• AIM OF THE TASK
The data is to be repeated exactly, with the images removed.
**** DATA SEGMENT
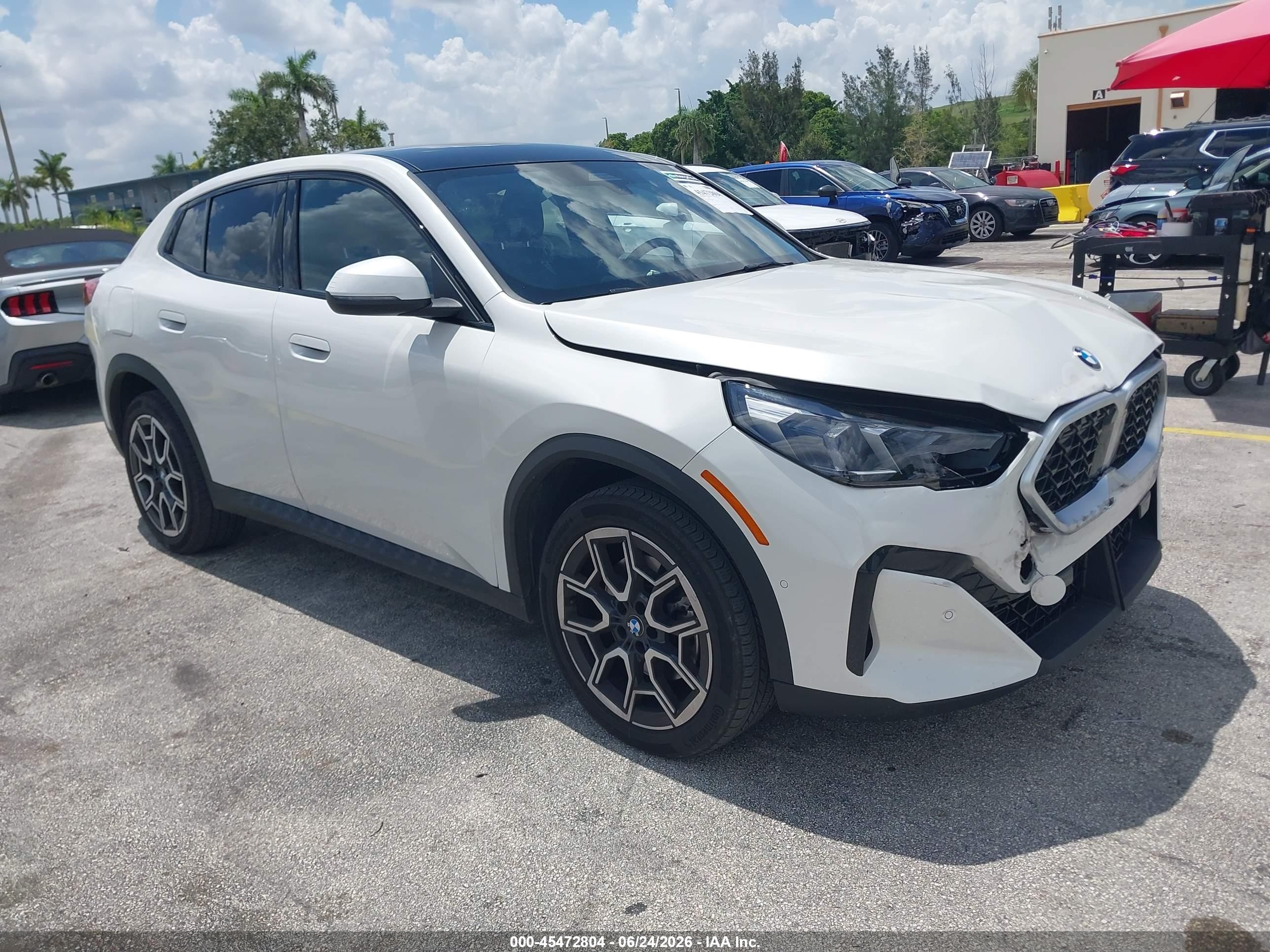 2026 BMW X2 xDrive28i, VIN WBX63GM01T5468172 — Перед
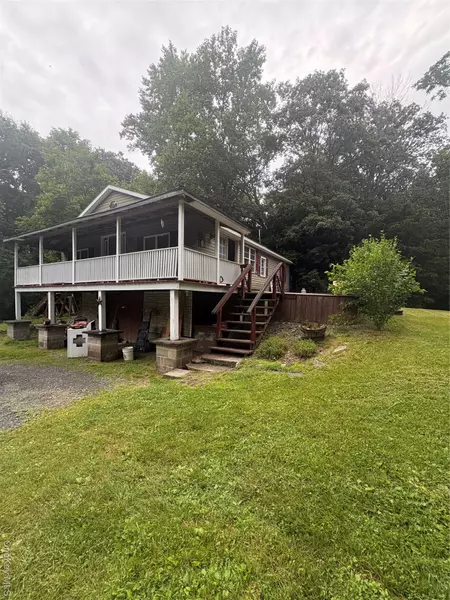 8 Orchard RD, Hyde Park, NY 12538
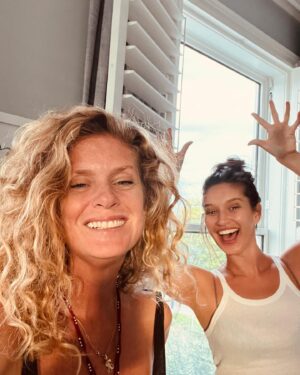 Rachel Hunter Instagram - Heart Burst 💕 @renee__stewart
********
• EXPECTED ANSWER
 2026 BMW X2 xDrive28i, VIN WBX63GM01T5468172 — Перед
 8 Orchard RD, Hyde Park, NY 12538
 Rachel Hunter Instagram - Heart Burst 💕 @renee__stewart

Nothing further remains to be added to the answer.